Job Location : Durham,NC, USA
Company Overview:
Beam Therapeutics is developing precision genetic medicines through the use of base editing. Beam's proprietary base editors create precise, predictable and efficient single base changes, at targeted genomic sequences, without making double-stranded breaks in the DNA. This enables a wide range of potential therapeutic editing strategies that Beam is using to advance a diversified portfolio of base editing programs. Beam is a values-driven organization committed to its people, cutting-edge science, and a vision of providing life-long cures to patients suffering from serious diseases.
The Beam Team Is:
* A community of fearless innovators
* Rigorous and honest in our research
* Listening with open minds
* Committed to each other
Position Overview:
Beam is seeking a highly energetic, talented and motivated Regulatory/Quality Co-op to join our growing Regulatory and Quality teams. This candidate rotates between Regulatory, Quality Assurance and Quality Control in three separate segments to provide the individual exposure to all three departments.
Product Quality Assurance/Quality Systems
As part of PQA, the candidate will assist in batch reviews and associated Quality Processes (e.g., deviations, change control, protocols, etc.). The candidate will work with cross-functional teams to identify and implement meaningful corrective actions arising from deviations and audit observations.
As part of the Quality Systems team, the candidate will provide routine support for procedural documents, our Quality Management system and training documentation.
The candidate will gain experience navigating real world projects related to product compliance and oversight.
Quality Control
As part of the Quality Control team, the candidate will provide testing and data trending support for GMP products (e.g., . cell banks, plasmids, gRNA, mRNA, lipids, cell therapies and lipid nano particles).

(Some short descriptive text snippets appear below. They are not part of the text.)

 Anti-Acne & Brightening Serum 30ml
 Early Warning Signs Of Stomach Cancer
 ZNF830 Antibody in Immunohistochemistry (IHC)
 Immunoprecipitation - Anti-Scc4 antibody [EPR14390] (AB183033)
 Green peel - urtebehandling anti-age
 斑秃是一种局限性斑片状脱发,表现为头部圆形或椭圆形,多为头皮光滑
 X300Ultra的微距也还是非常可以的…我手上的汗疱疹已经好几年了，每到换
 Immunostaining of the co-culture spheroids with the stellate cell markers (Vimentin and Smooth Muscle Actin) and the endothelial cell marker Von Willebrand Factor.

The candidate will also work with many different types of methods for example bioburden, Solo VPE, HPLC, cell based, ELISA, and sequencing.
The candidate in Quality Control will gain experience navigating real world projects related to product testing and stability.
Responsibilities:
Product Quality Assurance/Quality Systems
* Review executed batch records, associated testing records, and other documentation to ensure that all steps have been executed correctly, and that all limits and specifications have been met.

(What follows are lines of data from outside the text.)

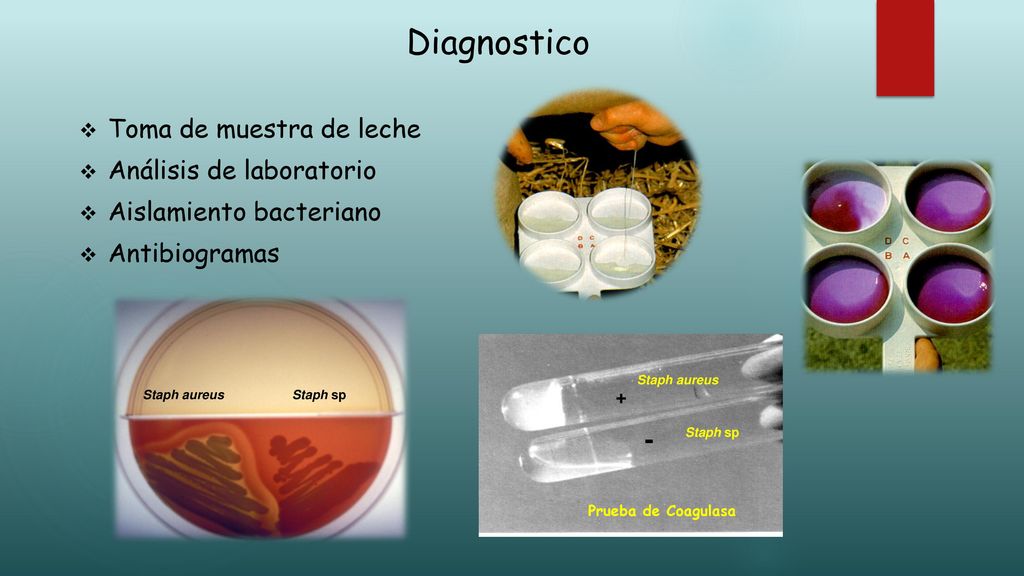 Diagnostico - Toma de muestra de leche Análisis de laboratorio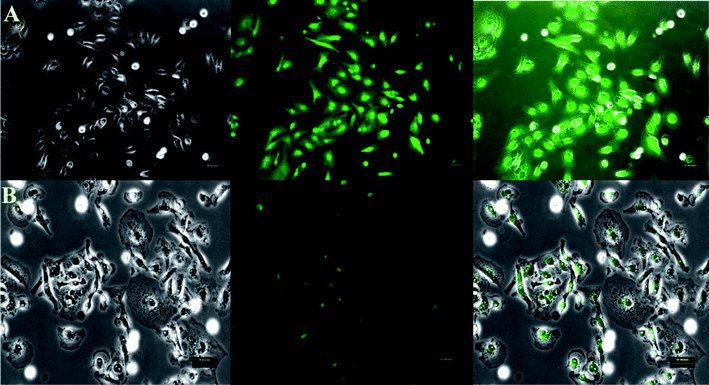 Live-cell imaging of MDA-MB-231 cells treated with BODIPY dye 1 before (A) and after (B) incubation with BODIPY dye 1 with CN− ion. The left panel represents the bright-field transmission images, the center panel represents the fluorescence and the right panel represents respective bright-field and overlay images. Scale 50 μm.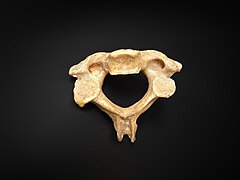 Vertebra - axis.jpg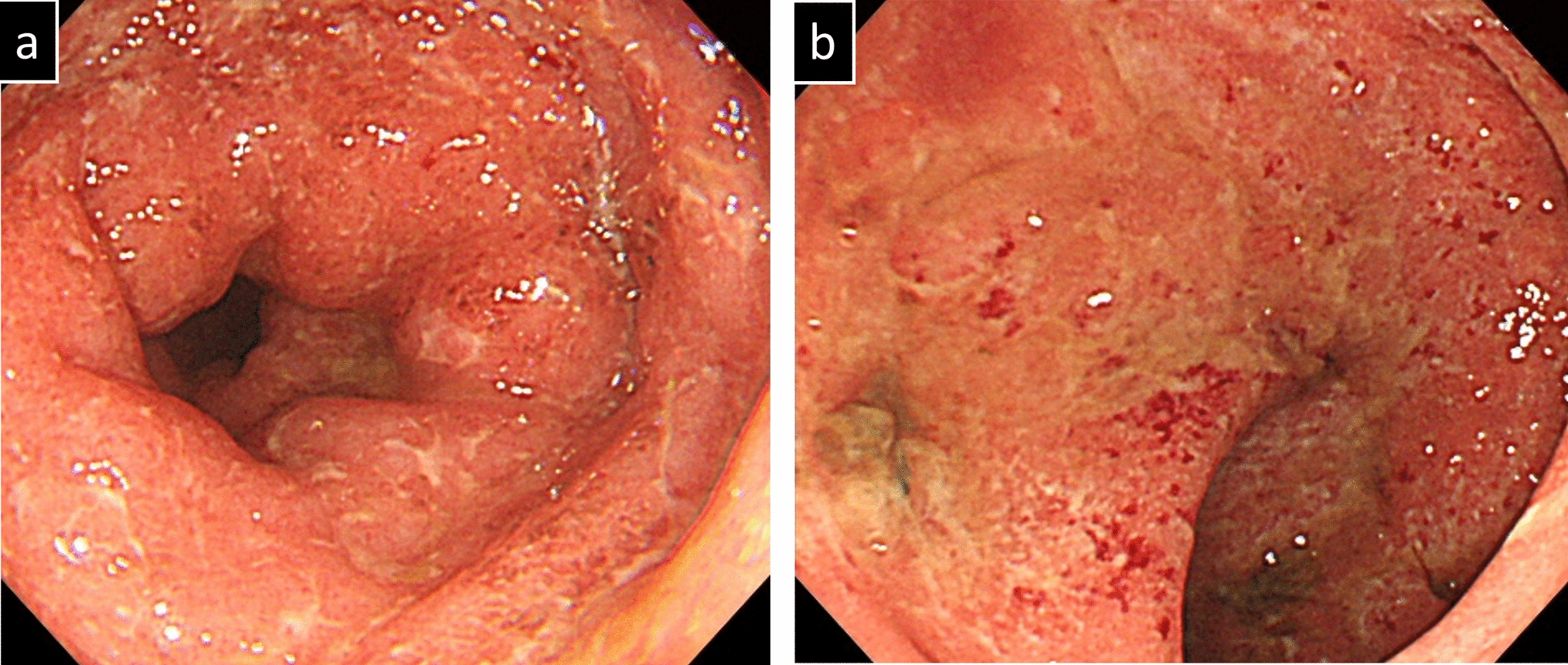 A case of relapsed pan-colonic ulcerative colitis accompanied with gastroduodenal lesions immediately after COVID-19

* Review deviations, change controls and Corrective and Preventive Actions (CAPAs) for appropriateness, completeness.
* Support the draft and review of Standard Operating Procedures (SOPs) and related GMP documents.
* Provide Quality Assurance (QA) support to contract manufacturing operations (attend meetings, person in plant review and approval of Contract Manufacturing Organization (CMO) documentation.)

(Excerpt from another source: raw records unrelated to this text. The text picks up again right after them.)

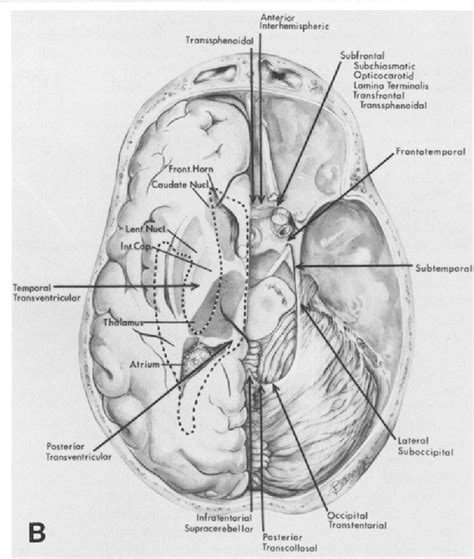 Figure 3 from Microsurgical anatomy of the region of the tentorial incisura. | Semantic Scholar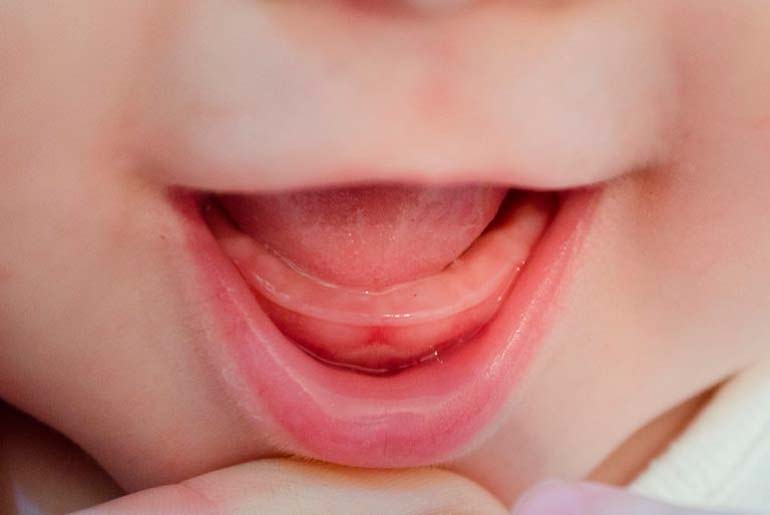 the child’s teeth are being cut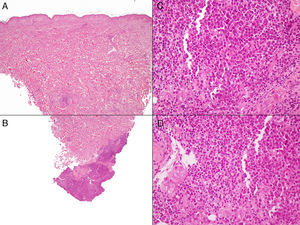 A la izquierda (A, B) se obseva imagen panorámica del segundo caso, con infiltrados inflamatorios linfocitarios escasos perivasculares en dermis superficial y media, y densos en dermis profunda. A la derecha (C, D) se aprecia detalle del infiltrado en la dermis profunda, donde se observan células redondeadas, de núcleos grandes con cromatina laxa, y abundantes mitosis, acompañados de linfocitos normales. (HE, A-B: x40, C-D: x400).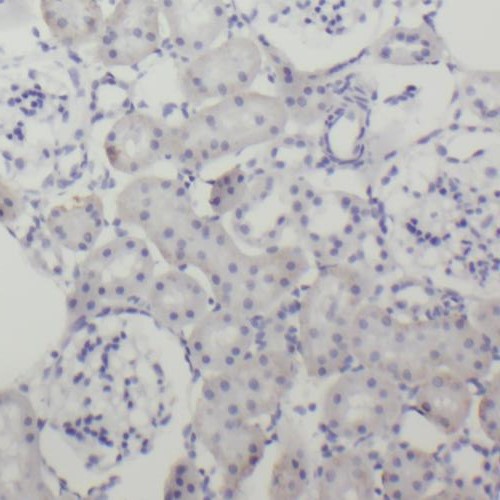 RIMBP2 antibody|RIMBP2抗体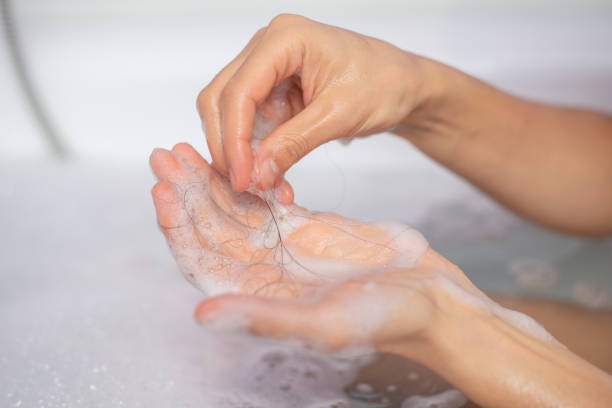 istock Hair falling out in  hands after rinse off shampoo. 1327527456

* Monitors and trends batch record errors, provides management with quality indicator data, and collaborates with stakeholders to reduce sources of error.
* Participates in system improvement initiatives to optimize the business processes and practices within Veeva.
* Participates in projects to support Supplier Management and Quality Systems department holistically.
* Assess document metadata within Veeva for missing data and facilitate and department clean-up.
* Assist in organization of the Document Archival Room and enter paper archives into a database for tracking.
* Assist in logbook cleanup around site.
* Remove all learner roles and manager associations for inactive/ineligible users in Veeva.
Quality Control
* The Quality Control Co-op will have responsibility for projects associated with the stability of a product.
* Under the guidance of their mentor, will be accountable for initiating a stability data trending sheet, compiling all the stability data into our document system, recording all the data in the trending sheet, performing trend analysis on the data, and documenting the extension of shelf-life of the product base on the data.
* Perform tasks in the Quality Control laboratory consisting of sample log in, reagent management, buffer preparation and sample testing.
Qualifications:
* Pursuing a Bachelor's degree in Biotechnology, Bioengineering, Biochemistry, or related field.
* Prior industry internship or academic lab-based research experience is preferred.
* The candidate should have a solid academic foundation in science and laboratory coursework (examples: biology/chemistry/biochemistry, biochemical/bioengineering, microbiology, tissue culture, molecular biology, etc.)
* A team player who is curious, motivated to learn, organized, and has good communication skills
* Note, this role will function within a hybrid (partially remote, partially onsite) working environment, and requires a self-motivated individual.